Abstract: The introductory chapter lays a conceptual foundation by discussing the importance of examining lawsuits and citizen complaints vis-a-vis police misconduct, and it highlights what is known about the incidence of police-directed grievances (PDGs), the avenues for filing PDGs, and processes for filing PDGs. The second chapter reviews the policing-innovation research found in the Public Administration literature, followed by a review of the literature about the risks associated with administrative reform. The chapter concludes with the selection of the following controversial policing innovations for further analysis: community-oriented policing, civil asset forfeiture, police paramilitary units, and complaint-review procedures. In focusing on these four policing innovations, chapter three examines their etiology, current status, and the reasons they could be associated with the incidence of PDGs. The fourth chapter outlines several hypotheses designed to test the proposition that law enforcement innovations are associated with lawsuits and complaints against the police. This is followed by a chapter that describes the methodology used to investigate the relationships between law enforcement innovations and PDGs. It involved cross-sectional research that used a survey instrument and other data sources to measure the variables of interest associated with a sample of law enforcement agencies.

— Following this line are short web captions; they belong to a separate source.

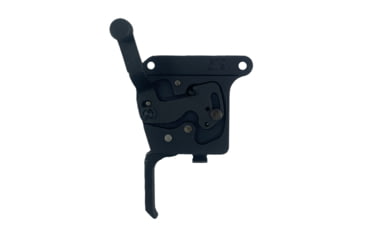 Image of JARD Match Grade Trigger Assembly for Remington 700, Curved, 4-7 oz. Pull Weight, Black, 5300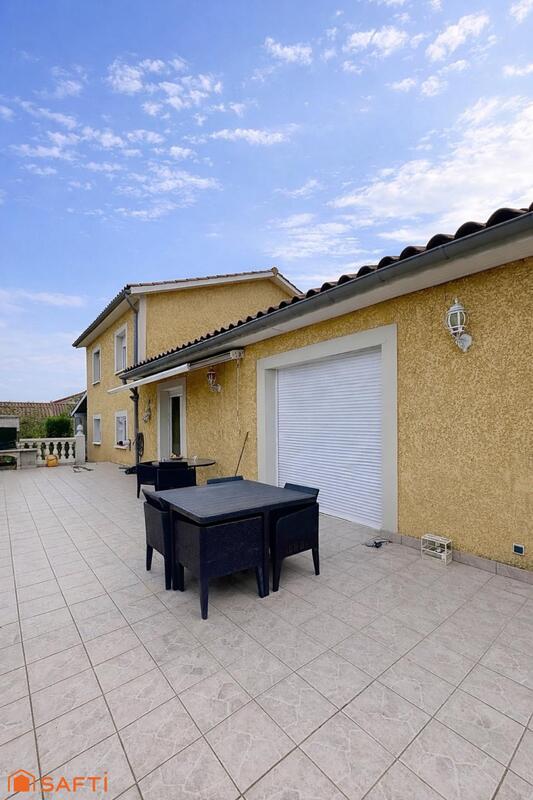 Maison - 176 m² - 7 pièces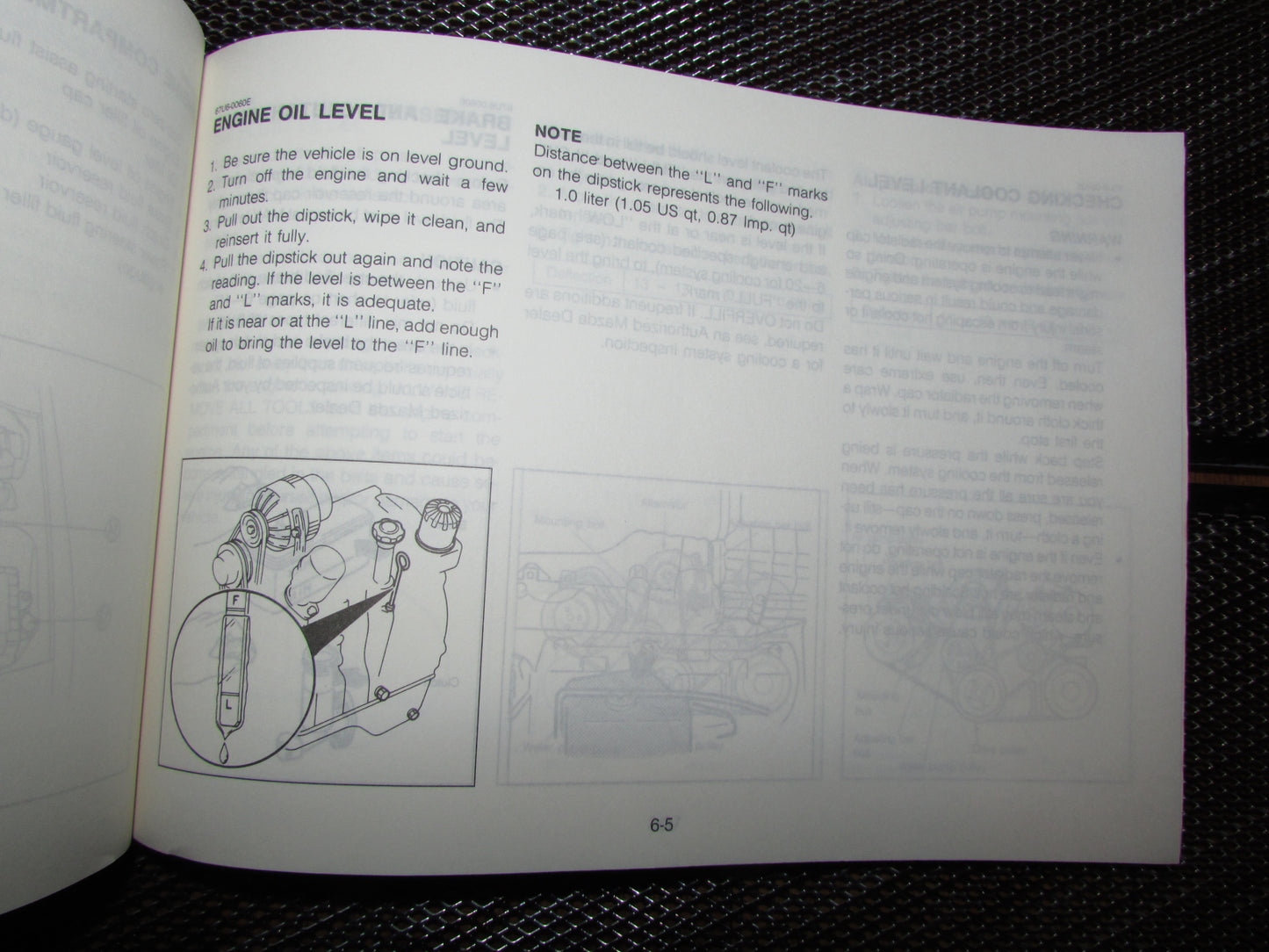 Mazda RX7 (1987) Owners Manual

The broad conclusion drawn from the research is that most of the selected innovations appear to be associated with increases in the incidence of lawsuits and complaints against the police. Additionally, most of innovation/PDG activity was concentrated at the complaint level; however, nothing found in the research suggests that innovations such as community-oriented policing lead directly to more lawsuits against police. Still the more innovations reported in certain police jurisdictions, the more lawsuits were found in those areas. Policy implications of these findings are discussed, and directions are offered for future research. Chapter tables and figures, 208 references, a subject index, and appended survey instrument and raw data
Main Term(s): Complaints against police
Index Term(s): Civil litigation; Community policing; Complaint processing; Forfeiture; Policing innovation; Special Weapons and Tactics (SWAT)
Note: From the series on "Criminal Justice Recent Scholarship"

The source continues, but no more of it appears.